Targeted resequencing of 101 genes

Epilepsy affects about three percent of the population and comprises a wide constellation of primary and syndromic neurological disorders. The epileptic encephalopathies (EE) are the most severe of the epilepsies, distinguished by multiple refractory seizures, cognitive deficit, and poor developmental outcome. De novo mutations in several genes are known causes of EE, but the genetic etiology of the vast majority of these encephalopathies is unknown.

An investigative team of researchers led by Dr. Heather Mefford, M.D., Ph.D., from the University of Washington, Seattle, and Dr. Ingrid Scheffer, MBBS, Ph.D, at the University of Melbourne, Australia, resequenced 101 known and candidate epilepsy genes in more than 600 patients with EE to identify the genetic causes underlying their conditions. The team demonstrates emerging trends in how mutations in some genes cause specific disorders, while mutations in others cause a wide range of neurodevelopmental phenotypes. Furthermore the investigators described six new EE genes, four of which are not involved in neurotransmission at the synapse, but rather may regulate expression of other genes. (Platform A.07 / Abstract 8750891 -- Targeted Resequencing of 101 Known and Suspected Candidate Epilepsy Genes in 600 Patients with Severe Epilepsies Identifies Recurrently Mutated Genes.)

"Our study identifies pathogenic mutations in ~12% of our EE cohort, and has identified important new genes for this condition" says lead author, Gemma Carvill, Ph.D., of the University of Washington. "Understanding how these new EE genes cause epilepsy provides new avenues of research and, in the future, development of targeted therapies."

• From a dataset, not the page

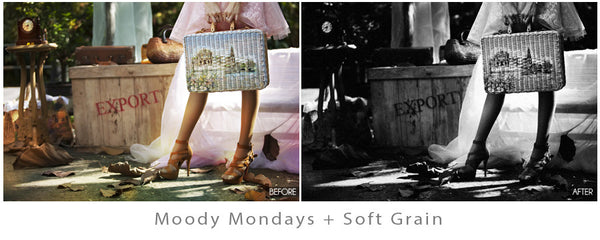 The Ultimate Season Action Bundle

Molecular diagnostic testing of 1,600 individuals with epilepsy

In another report, GeneDx, a diagnostic laboratory in Gaithersburg, MD, presented results of diagnostic testing for up to 53 genes associated with major forms of primary and syndromic epilepsy in 1,600 patients to determine the etiology of their epilepsy. Overall, they found a known or predicted pathogenic genetic abnormality in 261 cases (16%), while patients with infantile onset epilepsy had an even higher positive diagnostic rate of about 20%.

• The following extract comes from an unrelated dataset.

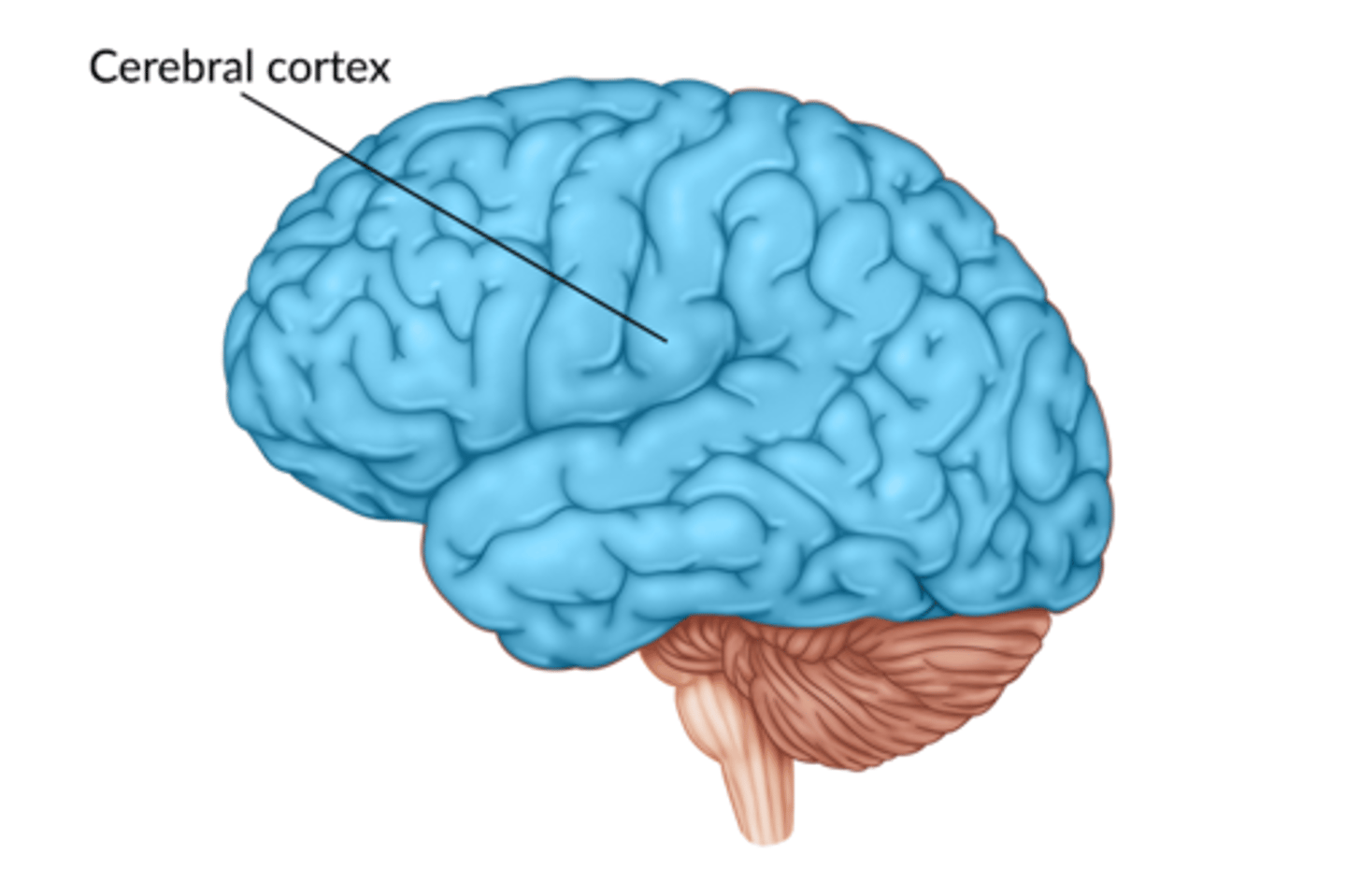 <p>outer layer of the brain</p>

These results indicate that at least 20% of cases have a Mendelian genetic form of epilepsy. Although mutations in ion channel genes are a common cause of epilepsy, half of all pathogenic mutations were identified in non-ion channel genes including some very rare causes of epilepsy. In one-third of patients with a disease-causing mutation, molecular test results had immediate implications for patient treatment or management. (Platform A.08 / Abstract 1749369 -- New Insights into the Spectrum of Pathogenic Variation in Epilepsy Gained from 1600 Individuals.)

According to Courtney Downtain, M.S., C.G.C., who presented the report, "Utilizing a multi-gene panel for epilepsy allowed us to identify disease-causing mutations in genes causing rare genetic forms of epilepsy, which were not primarily considered by the referring physicians. In addition, we are starting to appreciate the expanding phenotypic spectrum of many epilepsy-related genes. Our data demonstrate that mutations in many genes can result in similar clinical presentation, illustrating the utility of multi-gene panel testing."